Top of INFORMATION GIVEN

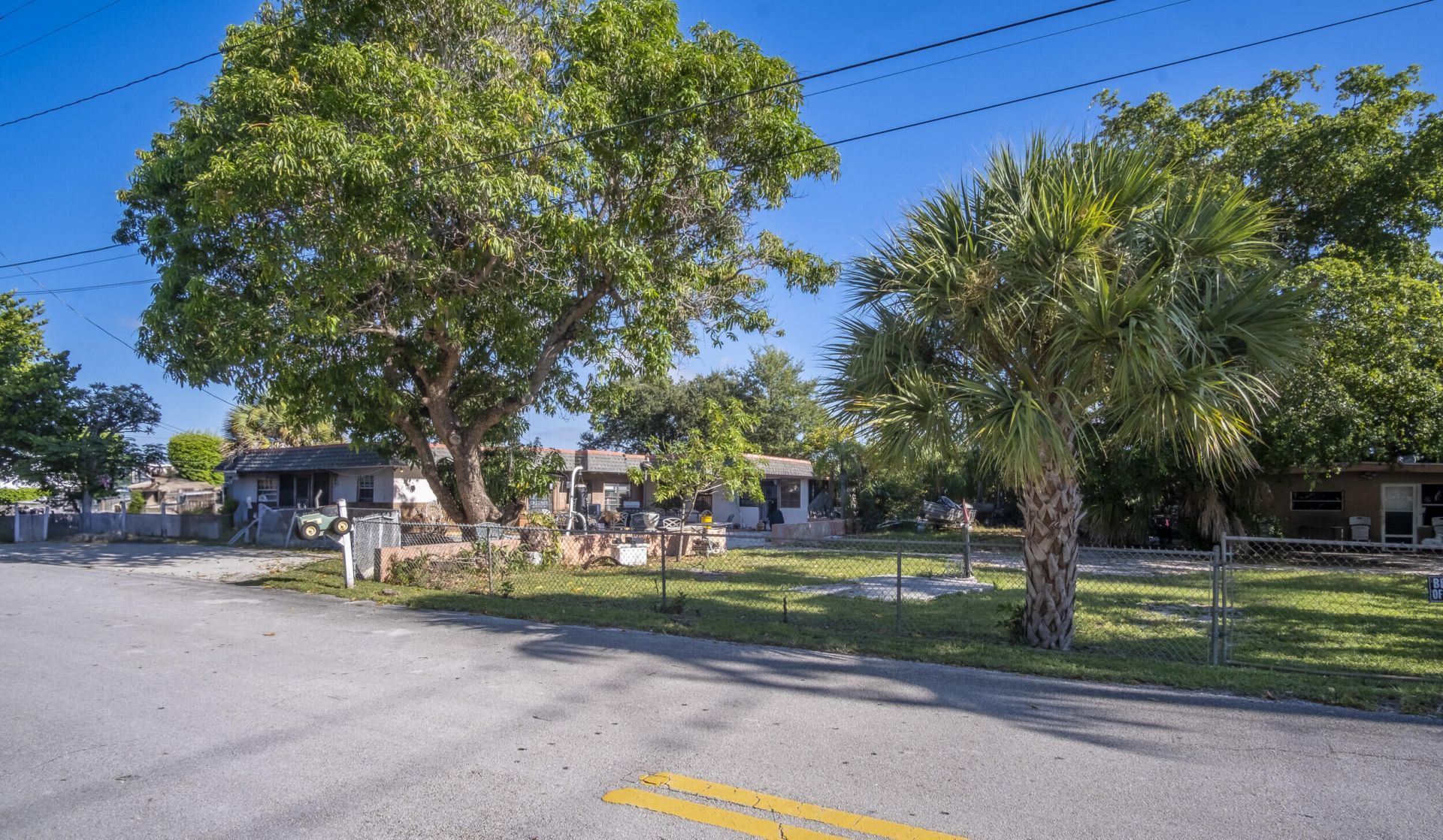 1207 Milfred Street, Delray Beach, FL 33444 Photo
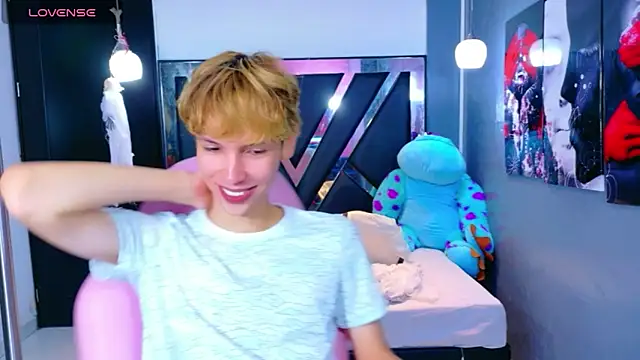 park jimin1 online show from October 30, 2025, 12:25 pm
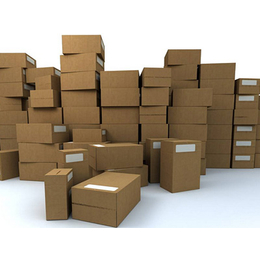 小型纸箱包装批发-铜川小型纸箱包装-纸箱包装价格
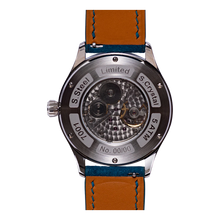 Load image into Gallery viewer, T04 - Violet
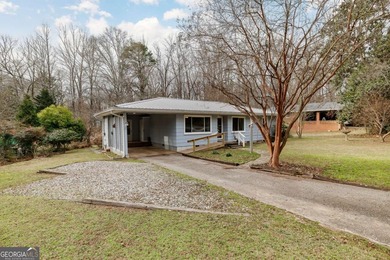 Welcome to 325 Edgewood Drive, a charming 2 bedroom, 1 bath home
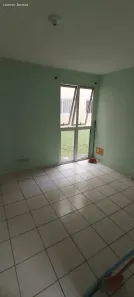 Apartamento com 2 Quartos à venda, 47m² no Jardim Carandá, Sorocaba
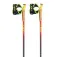 Leki Bastones junior Vertical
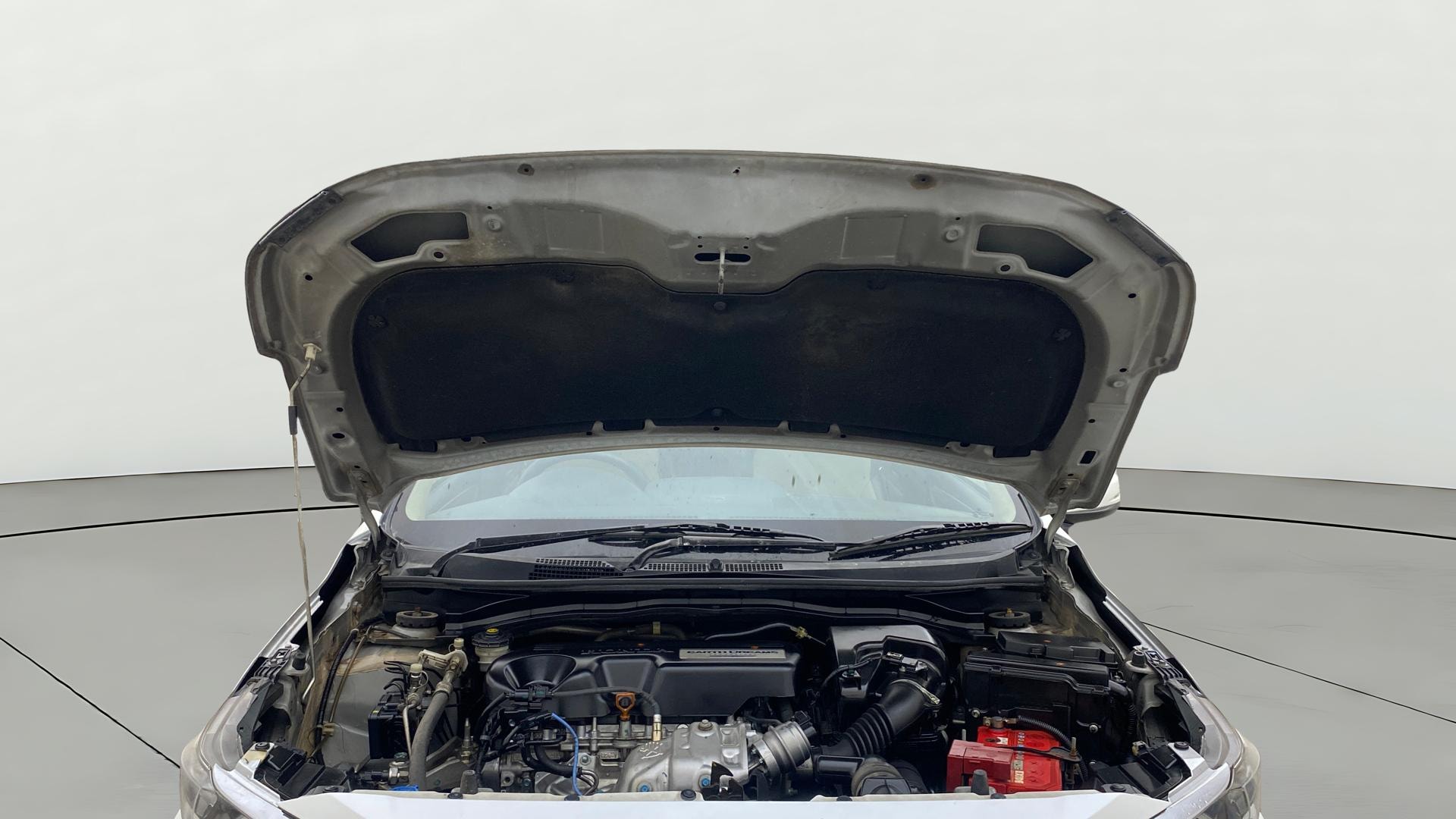 Used 2021 Honda Amaze Used 2021 Honda Amaze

Bottom of INFORMATION GIVEN

● TASK DESCRIPTION
Copy exactly the lines from the line that has "Load image into Gallery viewer, T04 - Violet" through the last line of the entries above, inclusive, and no others. Pictures do not go in the copy.

● WRITTEN SOLUTION
 Load image into Gallery viewer, T04 - Violet
 Welcome to 325 Edgewood Drive, a charming 2 bedroom, 1 bath home
 Apartamento com 2 Quartos à venda, 47m² no Jardim Carandá, Sorocaba
 Leki Bastones junior Vertical
 Used 2021 Honda Amaze Used 2021 Honda Amaze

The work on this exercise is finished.